Another interesting finding was that results showed that 92.3% of MVI+ patients recurred within the year following surgery. This leads to a further emphasis on the necessity of assessing MVI status for naïve HCC patients. Lately published articles showed promising predictive performance of MVI scoring systems [30, 31]. Predicting model based on radiomics also showed satisfactory accuracy [32,33,34]. However, clinical use of these predicting systems is limited due to the lack of multiregional validation. Further studies are still needed.

There are some study limitations. First, we did not make a comparison of treatments mentioned in this study with sorafenib, which is the standard treatment for advanced HCC patients.
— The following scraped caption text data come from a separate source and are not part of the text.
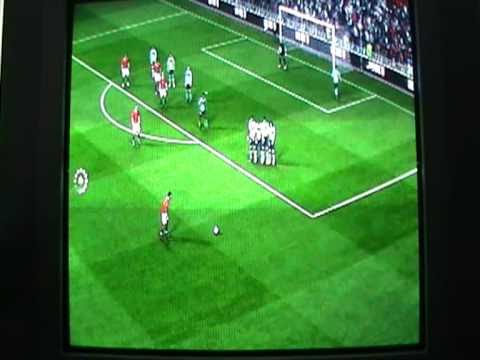 crazymonkey2007 - Free kick by Nani while playing Fifa 11 online.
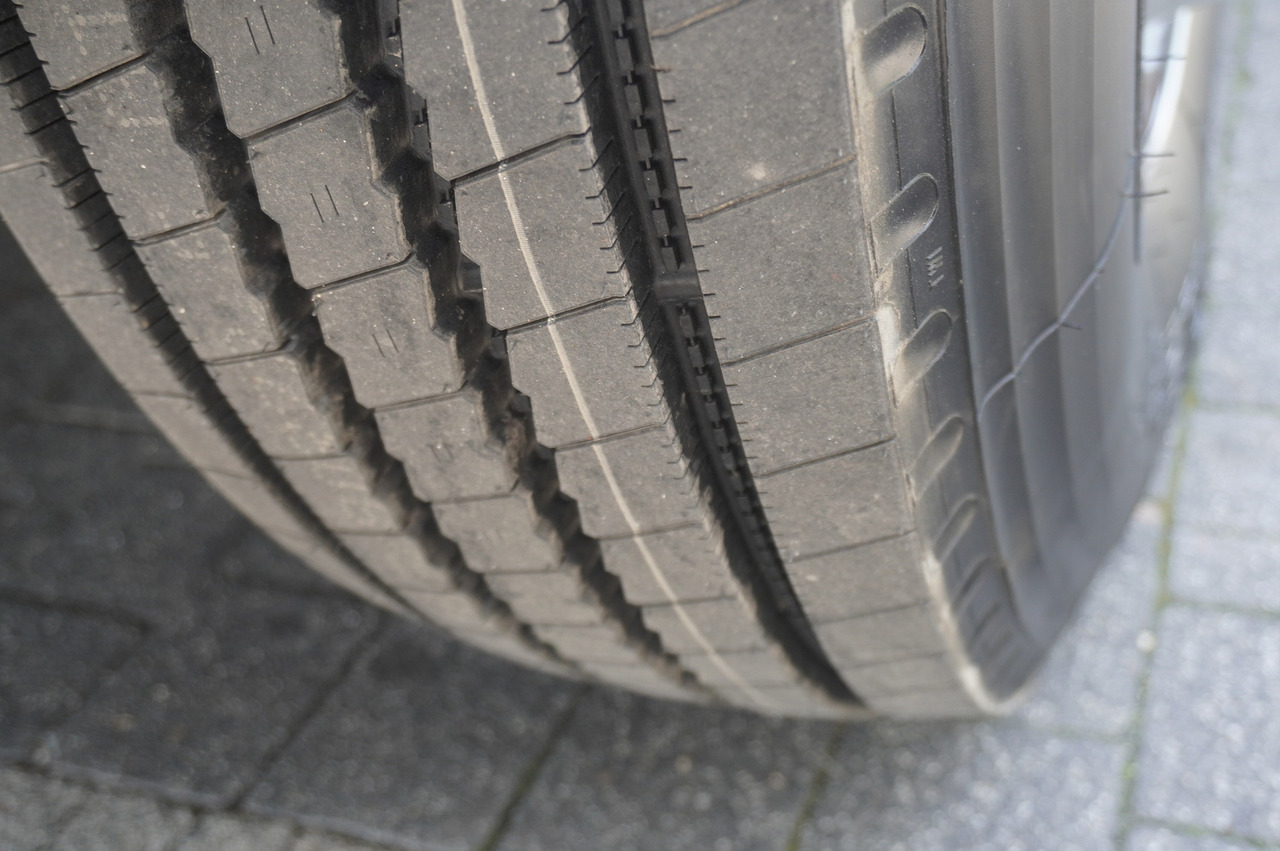 شاحنات مسطحة, شاحنة كرين MAN TGS 26.360 Flatbed / Fassi F175 7.7 T / steered 3rd axle: صورة 19 شاحنات مسطحة, شاحنة كرين MAN TGS 26.360 Flatbed / Fassi F175 7.7 T / steered 3rd axle: صورة 19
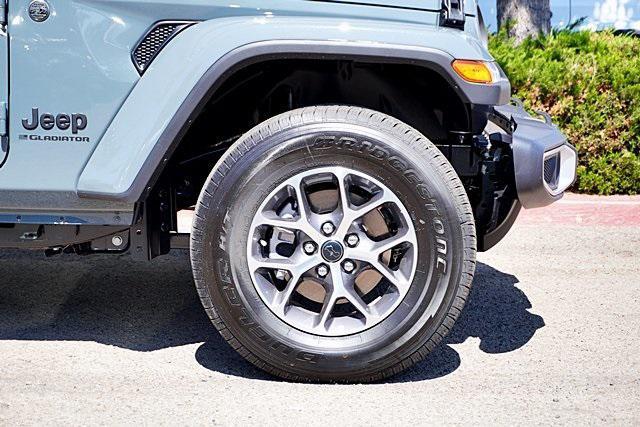 new 2025 Jeep Gladiator car, priced at $46,465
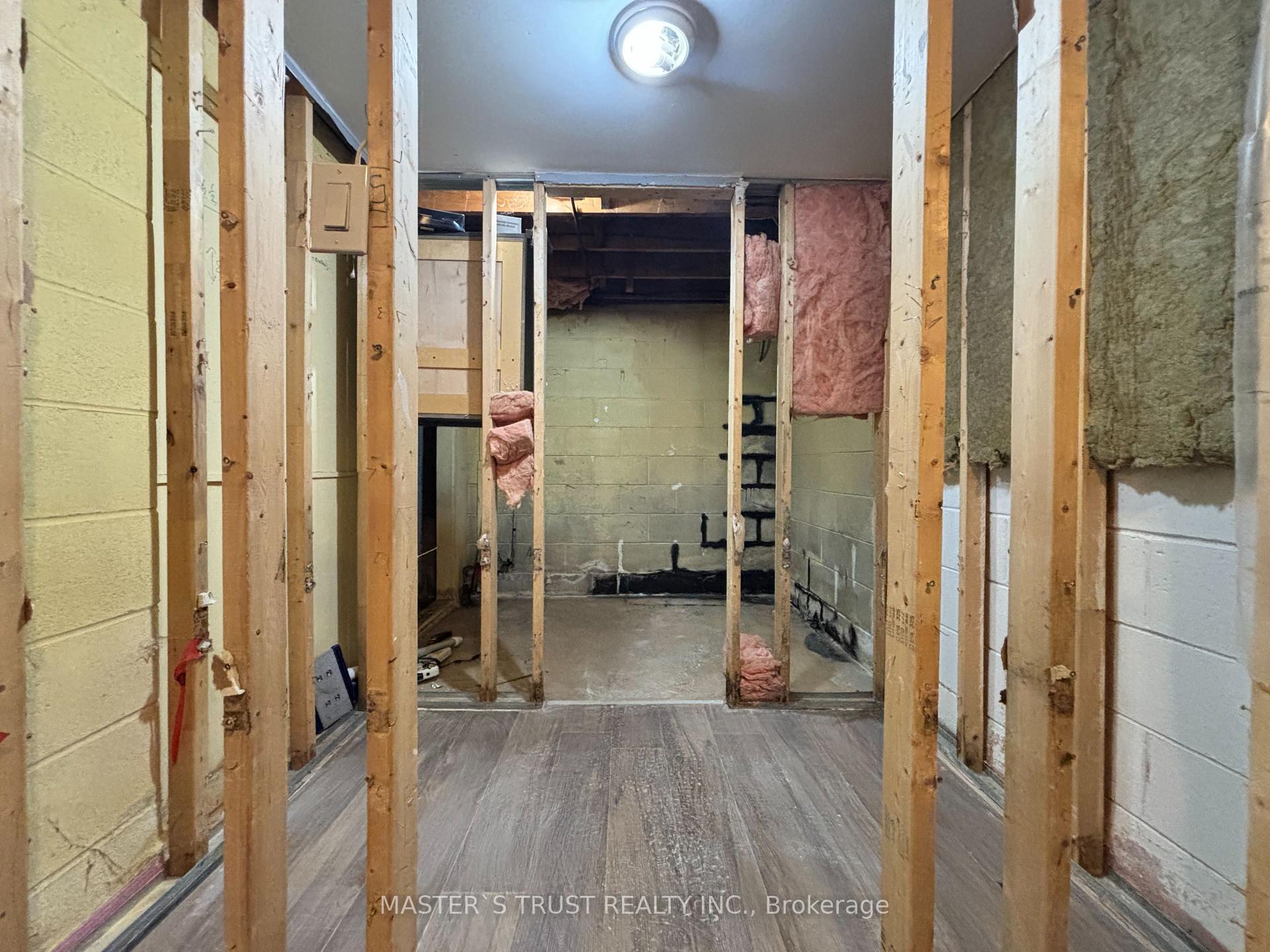 Photo 27 of 62 Melrose Avenue, Barrie, Codrington — HOMEH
This is because the proportion of patients receiving sorafenib is quite low due to the limited cost-effectiveness, making the retrospective data of sorafenib treatment very finite. Second, despite the fact that TTR was reported to be a prognostic factor of rHCC, we did no subgroup analysis by TTR. Over 90% of patients in the MVI(+) group and about 70% of patients in the MVI(−) group recurred within 1 year, making the subgroup comparison hard to perform.

In conclusion, we found that MVI at primary resection could be used as a marker to guide the treatment selection of HBV+ rHCC at BCLC stage B-C. For patients with MVI(−) at primary resection, curative treatments are recommended, while for MVI(+) patients, TACE, RR, and RFA shared similar survival benefits.